For this Accelerate Scholarship winner, cybersecurity careers run in the family

2020 Infosec Accelerate Scholarship winner Brayden Chambers often turns to family for guidance and advice, but one beloved family member is no longer around to serve as his chief motivator.

For this Accelerate Scholarship winner, cybersecurity careers run in the family

Emulating his mentor and hero

“My dad, who was my mentor, was tragically killed two years ago in a car crash when a driver fell asleep and crossed the median on an interstate highway and hit my dad’s car head-on,” says Brayden. “My dad was my hero and had taught me the values of hard work, integrity and to always do my best in whatever I attempted.”

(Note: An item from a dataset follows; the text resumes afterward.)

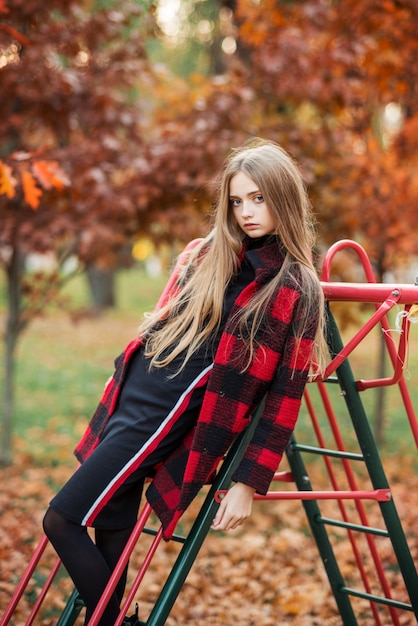 Portrait of young woman in autumn park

Brayden credits his father’s teachings for helping him academically, personally and athletically. He says his father didn’t know the first letter in the word “failure.” And it is Chambers’ mission in life to live a purpose filled life where “failure” isn’t in his vocabulary either.

That’s just the sort of gumption a cybersecurity professional needs in an industry where the nefarious forces that endanger network infrastructure, servers and more never sleep.

A family of cybersecurity professionals

For Brayden, the desire to enter the cybersecurity field wasn’t entirely unpredictable. Several members of his family have become IT and security professionals. His uncle, Ethan Rowe, CTO at Systems Engineering Solutions (SES), has been a driving force in his life by helping him with his professional and personal growth.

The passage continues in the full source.